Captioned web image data

====

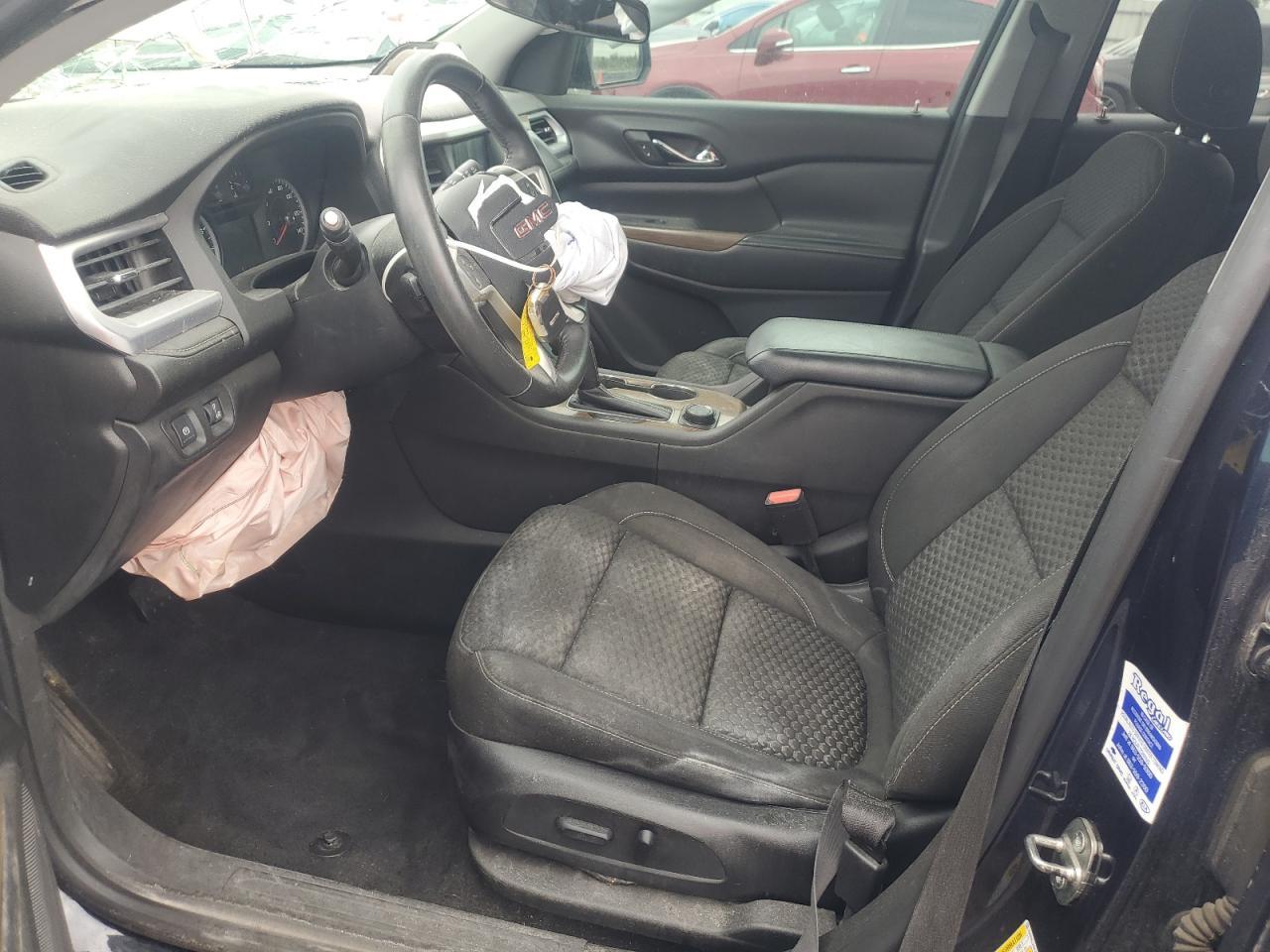 2017 GMC Acadia Sle - Фото 7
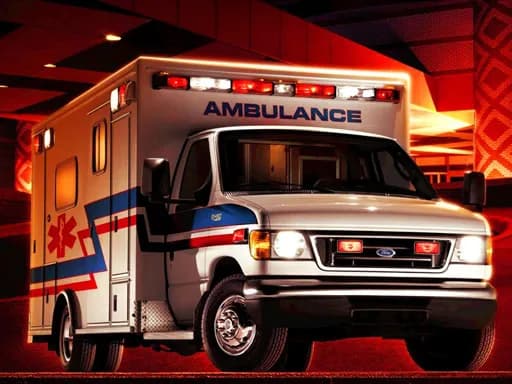 Ambulans Kaydırma Bulmacası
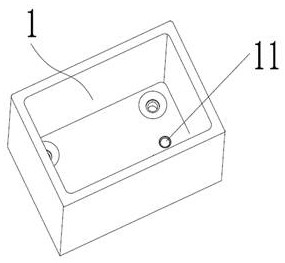 Single-color bead arranging mechanism and embroidery machine with same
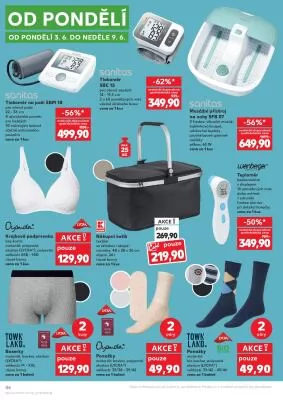 akční leták Kaufland 29.5.2024-4.6.2024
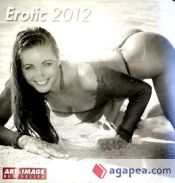Portada de Calendario 2012. Erotic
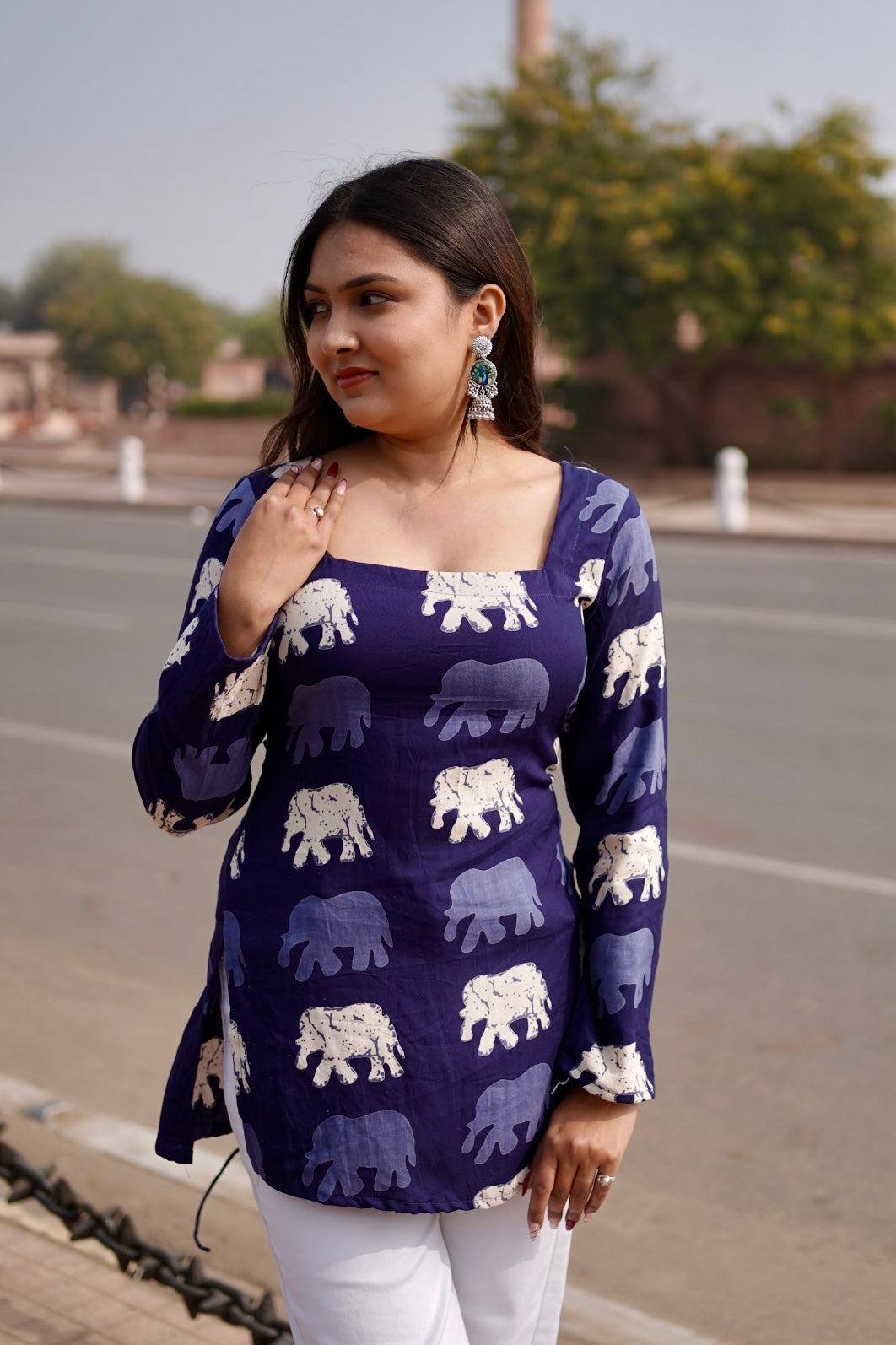 Arzoo Short Kurti
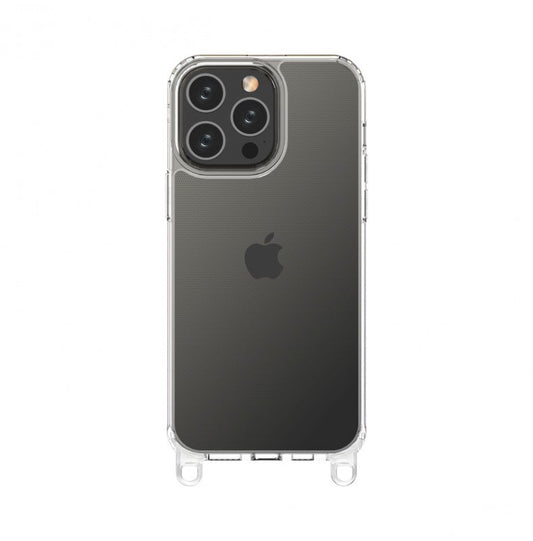 Capa Suspensa Destacável Anti-Choque Reforçada iPhone 14 Pro Max 6.7"
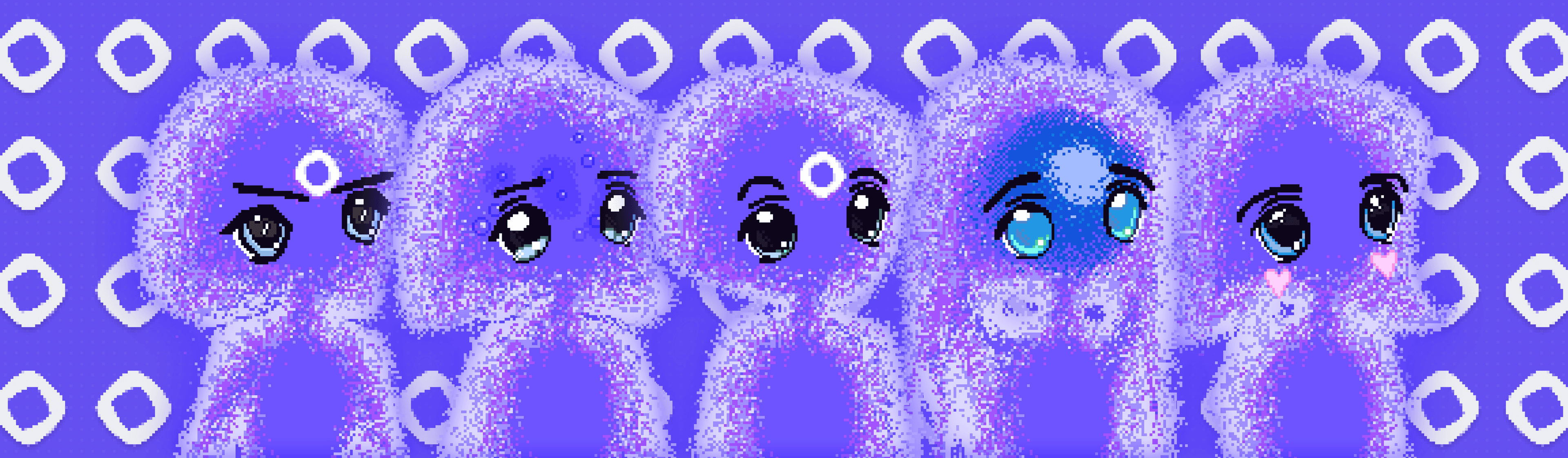 Pixel Auras [Monad] banner
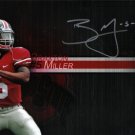 BRAXTON MILLER OHIO STATE SIGNED PHOTO 8X10 RP AUTOGRAPHED BUCKEYES BRAXTON MILLER OHIO STATE SIGNED PHOTO 8X10 RP AUTOGRAPHED BUCKEYES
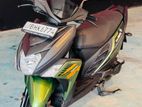Yamaha Ray ZR 2018
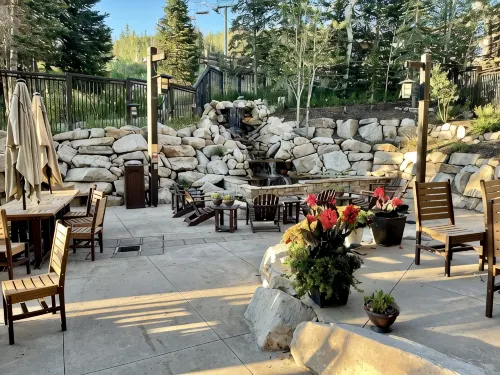 Deer Valley Empire Pass Ski-in Ski-out Luxury Property - Jacuzzi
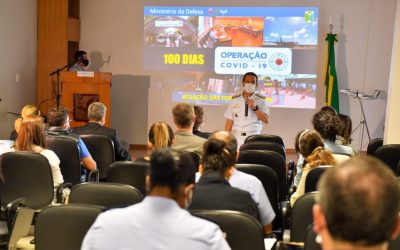 FUNAI: Governo Federal leva profissionais e insumos de saúde às terras indígenas Yanomami e Raposa Serra do Sol, em Roraima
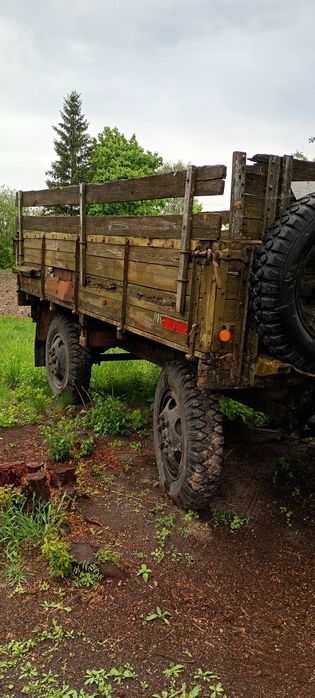 Причіп автомобільний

====

• [WORK REQUEST]:
When you reach the line with "Arzoo Short Kurti" in the records above, start writing out each line exactly, and stop after the line with "AUTOGRAPHED BUCKEYES BRAXTON". Pictures stay out.

• [ANSWER SPACE]:
 Arzoo Short Kurti
 Capa Suspensa Destacável Anti-Choque Reforçada iPhone 14 Pro Max 6.7"
 Pixel Auras [Monad] banner
 BRAXTON MILLER OHIO STATE SIGNED PHOTO 8X10 RP AUTOGRAPHED BUCKEYES BRAXTON MILLER OHIO STATE SIGNED PHOTO 8X10 RP AUTOGRAPHED BUCKEYES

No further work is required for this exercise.